Why Zebras weren't domesticated (and other useless information)
It didn’t take long in Africa to be confronted with a lot of questions as we toured the cities and bush. One that I asked myself, seeing all the zebras, but seeing none put to work like the donkey, the horse, the oxen. I guess the same could be asked of the water buffalo, though that seems easier to answer since its closest North American relative is always undomesticated, unlike the horse.
So I started asking around, when you read and see all the human labors and efforts that could have been aided and assisted by a strong animal - why not the zebra?
So I didn’t get very far with human inquiry, so I delved into that all-knowing source of information - Google.
Turns out, the zebra is too jumpy, too ornery, too high strung, too ‘mean’, too stuck in its ways to domesticate. After living its entire history in the African Savanah where quick predators lie in the tall grass, the zebra’s fight or flight instinct is so fine tuned, is tightly wound, that a few impatient attempts from the English colonists had no chance to overcome and supersede the hair-trigger response of a zebra to stress.
“To be domesticated, animals must meet certain criteria. For example, they must have a good disposition and should not panic under pressure. Zebras' unpredictable nature and tendency to attack preclude them from being good candidates for domestication.” (Google result).
From Science Alert -
All equids are herbivorous prey species with a well-developed "flight or fight" response. But to survive in an environment where there is an abundance of large predators including lions, cheetahs and hyenas, the zebra evolved into a particularly alert, responsive animal that flees in the face of danger but also possesses a powerful response if captured.
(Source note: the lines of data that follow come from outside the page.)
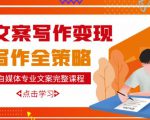 自媒体专业文案写作变现，月入10W+写作策略，教你从零开始学写作-优品网赚资源库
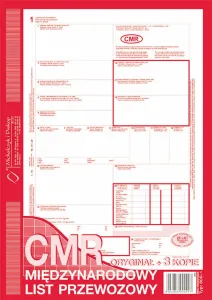 Druk offsetowy A4 CMR Międzynarodowy list przewozowy 80k. Michalczyk i Prokop (800-1)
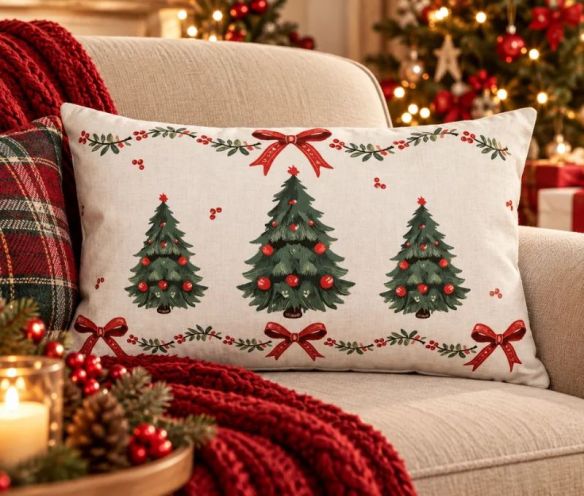 Coussin déco Noël sapins verts nœuds rouges houx beige 30x50cm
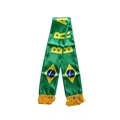 Satin Brazil soccer fan scarf in iconic green and yellow with tassels and Brasil logo - Brazil Style 2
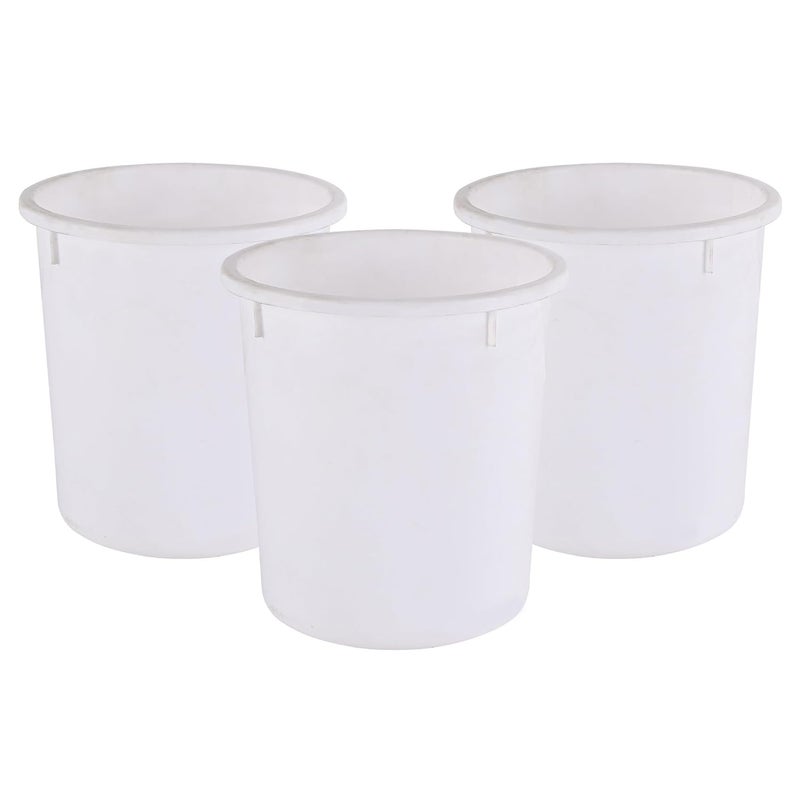 Kuber Industries Kuber Industries Pack of 3 Open-Top 5 Liters Dustbin for Bedroom, Bathroom & Kitchen | Durable & Portable Garbage Bin for Daily Household Use | Dustbin for Office/Small Spaces | White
The kick of a zebra can break a lion’s jaw. They can be savage biters and possess a 'ducking' reflex that helps them avoid being caught by lasso. Familiarity with human hunter-gatherers may also have fostered a strong avoidance response in the zebra.
All of this means that zebra are not really "people friendly" and as a species they do not fit the criteria for domestication.
According to the English explorer and polymath Francis Galton (a relative of Charles Darwin), these requirements include displaying a desire for comfort, being easy to tend, being useful and showing a fondness for man.
Galton uses the zebra as an example of an unmanageable species, stating that the Dutch Boers repeatedly tried to break zebra to harness. Although they had some success, the wild, mulish nature of the animals would frequently break out and thwart their efforts.
Although it appears possible to tame individual zebra, this species was not a good candidate for domestication. In addition to the intractable nature of the zebra and its strong survival instinct, the fact that this species is 'lion fodder' may also have made them appear less attractive 'partners' to early humans."
So, the moral of the story is some things just can't be tamed - I could have told anyone who was listening that was the case from my hiring attempts over the last 20 years.